Tesla’s factory near Berlin gets approval for extension despite protests

Tesla has confirmed its plans to extend its production site outside Berlin had been approved, overcoming opposition from residents and environmental activists.

Tesla's factory near Berlin gets approval for extension despite protests

The US electric car manufacturer said on Thursday it was “extremely pleased” that local officials in the town of Grünheide, where the factory is located, had voted to approve the extension.

Tesla opened the plant – its only production location in Europe – in 2022 at the end of a tumultuous two-year approval and construction process.

The carmaker had to clear a series of administrative and legal hurdles before production could begin at the site, including complaints from locals about the site’s environmental impact.

READ ALSO: Why is Tesla’s expansion near Berlin so controversial?

Plans to double capacity to produce a million cars a year at the site, which employs some 12,000 people, were announced in 2023.

The plant, which already occupies around 300 hectares (740 acres), was set to be expanded by a further 170 hectares.

But Tesla had to scale back its ambitions to grow the already massive site after locals opposed the plan in a non-binding poll.

The entrance to the Tesla factory in Brandenburg.

The entrance to the Tesla factory in Brandenburg.
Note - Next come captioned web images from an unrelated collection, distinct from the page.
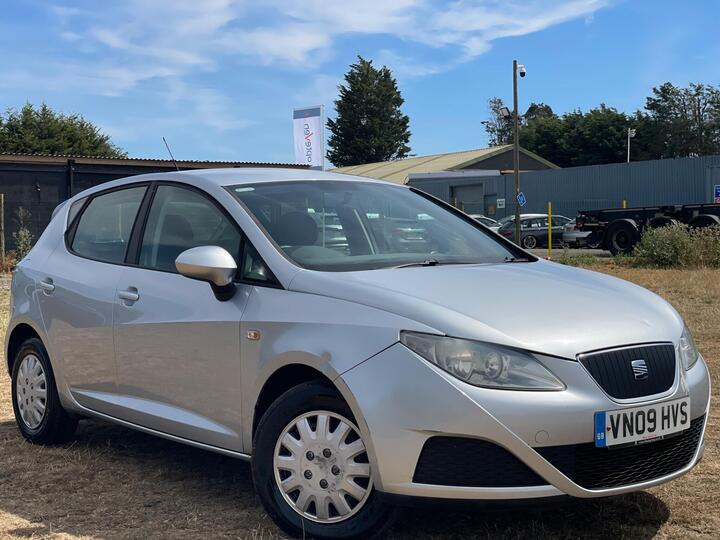 SEAT Ibiza 1.4 TDI Ecomotive Euro 4 5dr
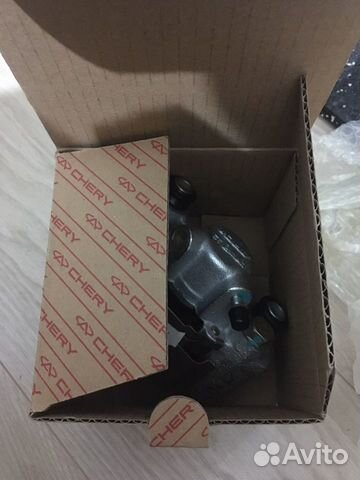 Суппорт задний chery tiggo T11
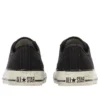 Chuck Taylor All Star Aged Distressed Ag OX “Nero”
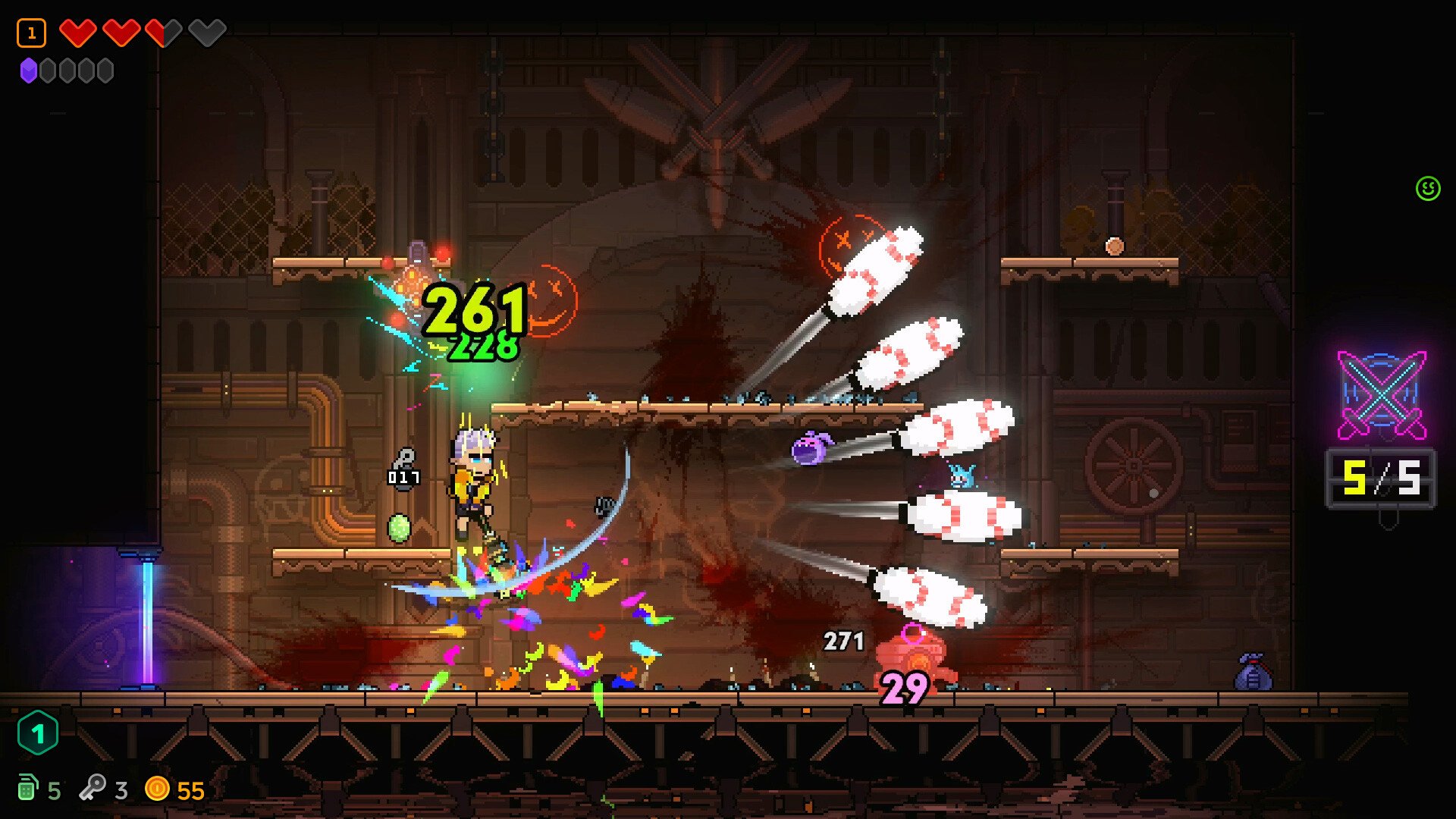 Neon Abyss 2 Crossplay -Info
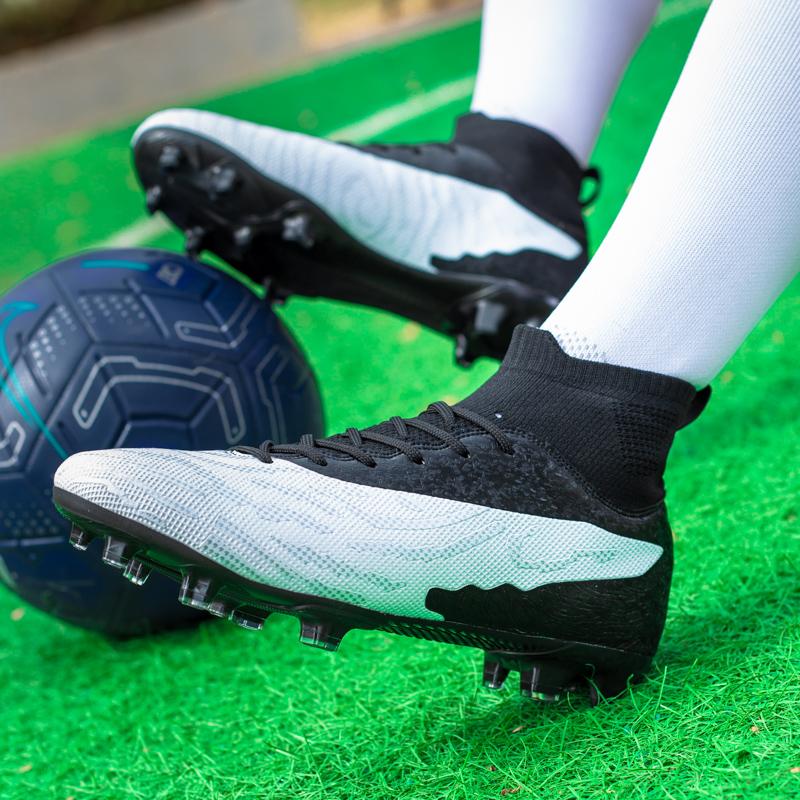 Мужские футбольные бутсы Детские футбольные бутсы Женские профессиональные футбольные — фото 11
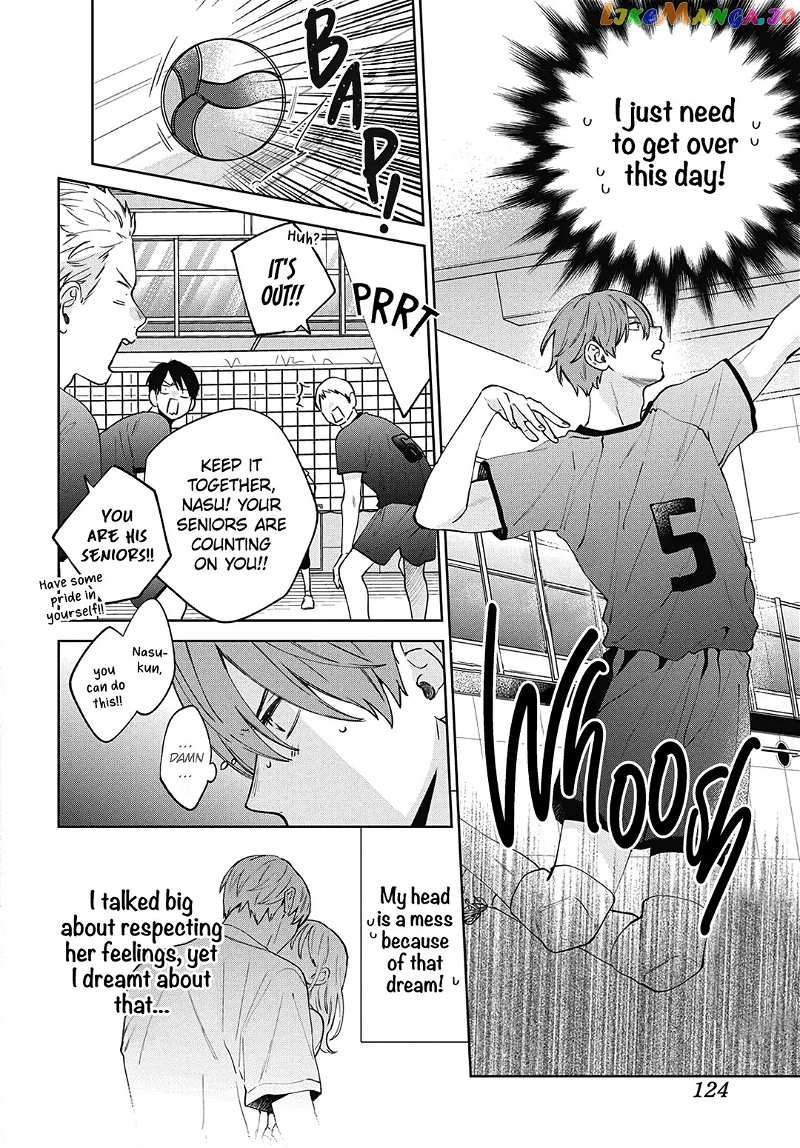 Haru No Arashi To Monster Chapter 20 - page 18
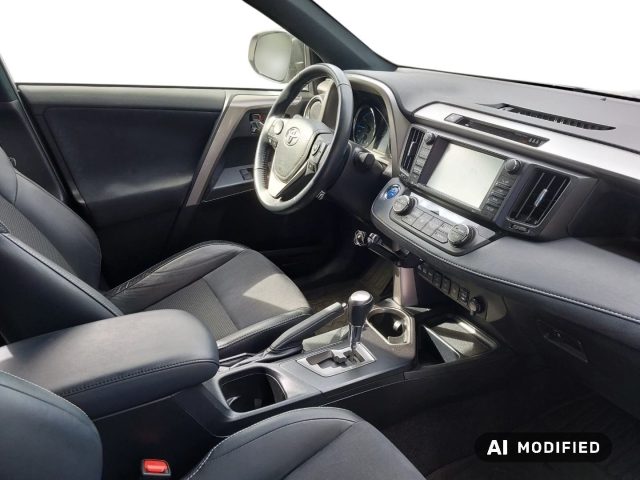 Toyota RAV4 2,5 ECVT «Edition», foto 3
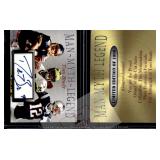Tom Brady ERROR Man Myth Legend Facsimile Auto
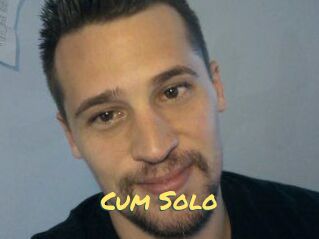Cum_Solo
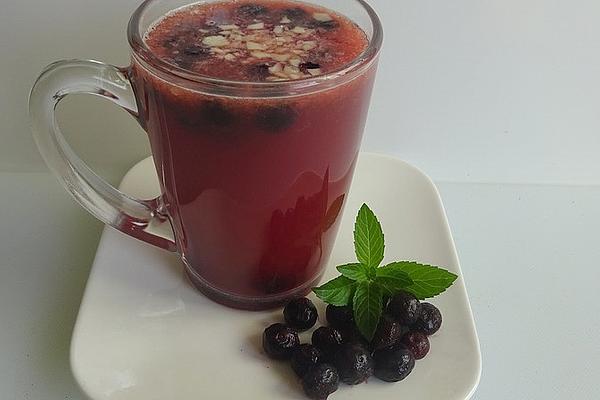 Mulled Wine Without Alcohol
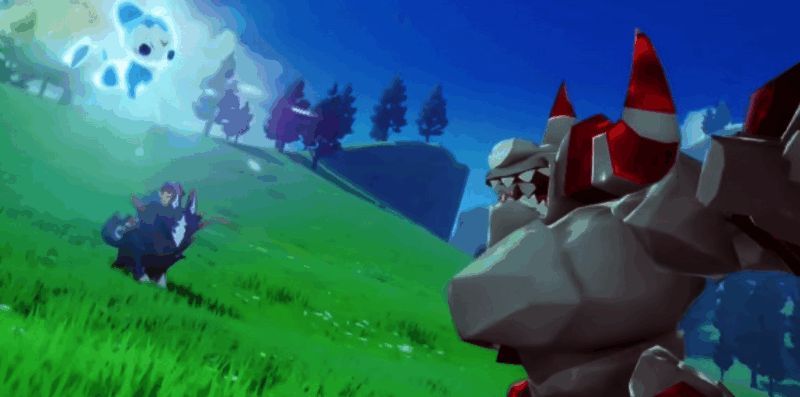 巨灵石种族值相关图片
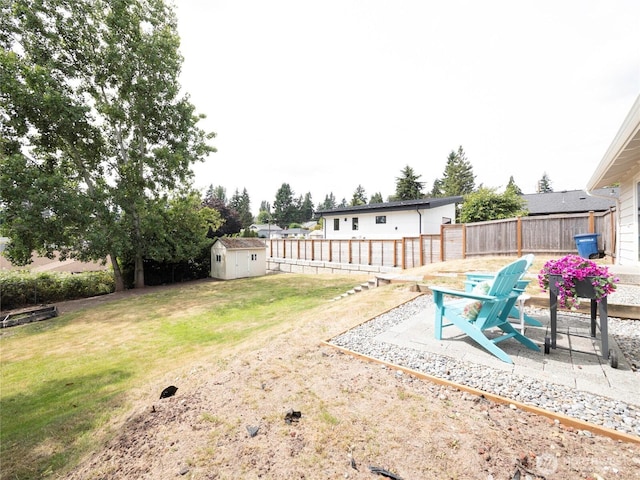 18111 46th Ave S, Seatac, WA 98188 - view of yard with a shed
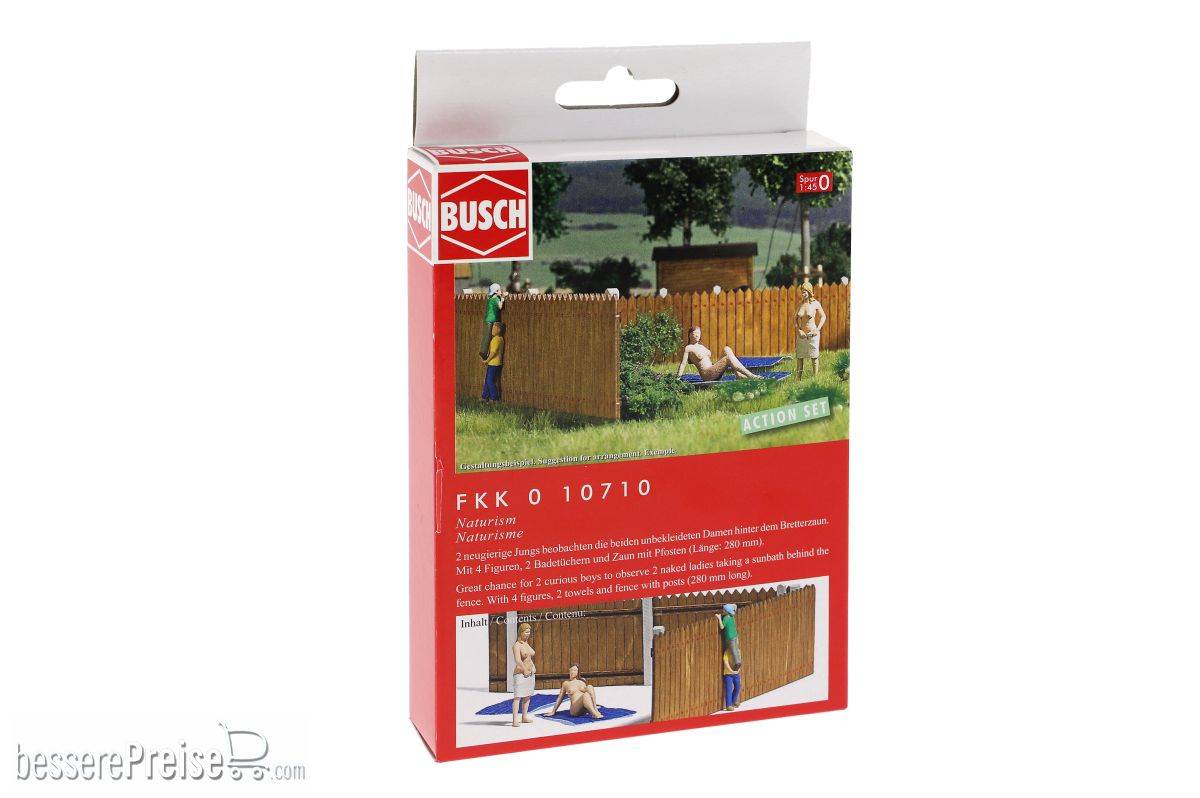 Busch 10710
Photo: picture alliance/dpa | Lutz Deckwerth

Their concerns included deforestation required for the expansion, the plant’s high water consumption, and an increase in road traffic in the area.

In the new proposal, Tesla has scrapped plans for logistics and storage centres and on-site employee facilities, while leaving more of the surrounding forest standing.

Thursday’s council vote in Grünheide drew strong interest from residents and was picketed by protestors opposing the extension, according to German media.

Protests against the plant have increased since February, and in March the plant was forced to halt production following a suspected arson attack on nearby power lines claimed by a far-left group.

Activists have also built makeshift treehouses in the woodland around the factory to block the expansion, and environmentalists gathered earlier this month in their hundreds at the factory to protest the enlargement plans.